REUTERS | Toby Melville

Committing to the rules: personal service under the new Part 81

The judgment in MBR Acres Ltd and others v Maher and another handed down in May 2022 by Mr Justice Nicklin raised an important issue around personal service. The case arose following committal applications that came out of an injunction obtained by the claimants against animal rights protesters who had set up camp outside their premises. The injunction included the imposition of an exclusion zone around the premises and restrictions on not stopping cars from entering or leaving it. Two protesters breached the injunction.

The key issue that arose was that the claimants effected service of the injunction on one of the defendants, Ms Laidlaw, on the solicitors representing her throughout the injunction proceedings rather than personally. The claimants had not sought an order for alternative service on Ms Laidlaw.

The claimants, however, argued that the new CPR Part 81 introduced in October 2020 not only no longer required personal service of an injunction on a defendant to allow for contempt proceedings to be brought for breach of that injunction, but instead required service to be effected through instructed solicitors.


The former CPR Part 81, introduced in 2012, was subject to judicial criticism for its uncertain wording and lack of consistency.
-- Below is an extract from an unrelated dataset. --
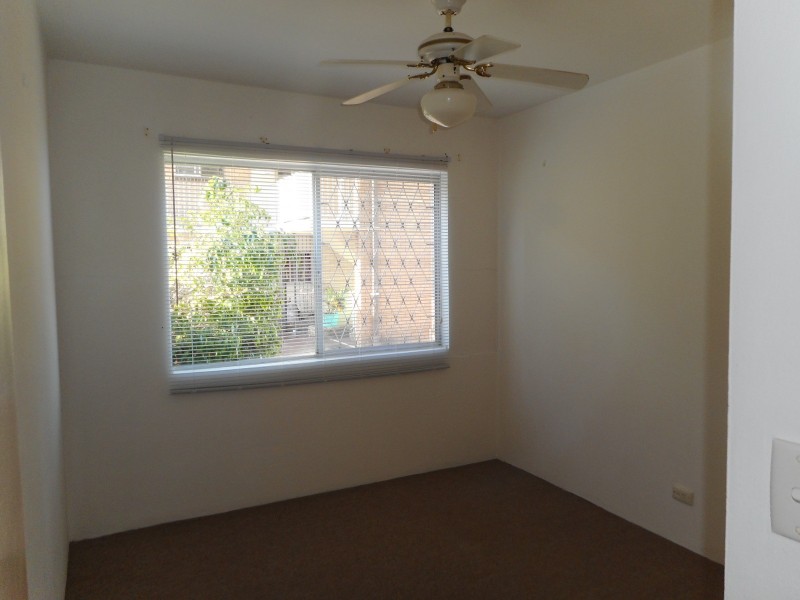 2/288 Marine Parade, Labrador QLD 4215
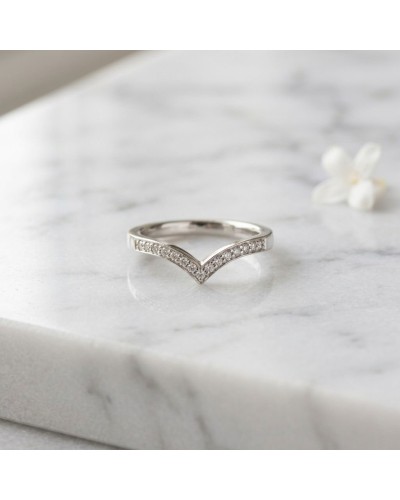 Alliance CAT WOMEN avec pierres 2,5 mm femme en or : bague argentée avec pierres scintillantes en forme de V sur marbre blanc.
It was also long, complicated and repetitive, replicating substantive law as well as dealing with procedure. The new Part 81 was introduced following a consultation exercise undertaken by the Civil Procedure Rule Committee. Ten rules with no Practice Direction replaced the previous 38 rules, two Practice Directions and a Practice Direction Guidance. New forms designed to ensure compliance with the rules were also introduced, in particular Form N600 for a contempt application.

The new CPR 81 is confined to matters of procedure but, importantly, has effect subject to and to the extent that it is consistent with the substantive law of contempt of court (CPR 81.1(3)).

The case

In MBR, the claimant’s solicitors stated that, after proper consideration of the new Part 81, they considered that the rules required Ms Laidlaw, who was represented at the injunction hearing, to be served with the injunction through her solicitors rather than personally. They did not share this interpretation nor their intentions as to service at the injunction hearing.

Their argument was that the new Part 81 no longer contained the express requirement personally to serve an injunction order, so that service should be governed by the general provisions of Part 6 requiring service of documents to be effected on instructed solicitors. Nicklin J, after considering the development of the law of contempt, found that this requirement was removed because Part 81 provides the procedural rules for contempt applications (which necessarily follow the stage at which the breached injunction is obtained), whereas the requirement for personal service was a recognised element of the substantive law of contempt. The requirement is designed to ensure procedural fairness to a defendant whose liberty is at stake in a contempt application.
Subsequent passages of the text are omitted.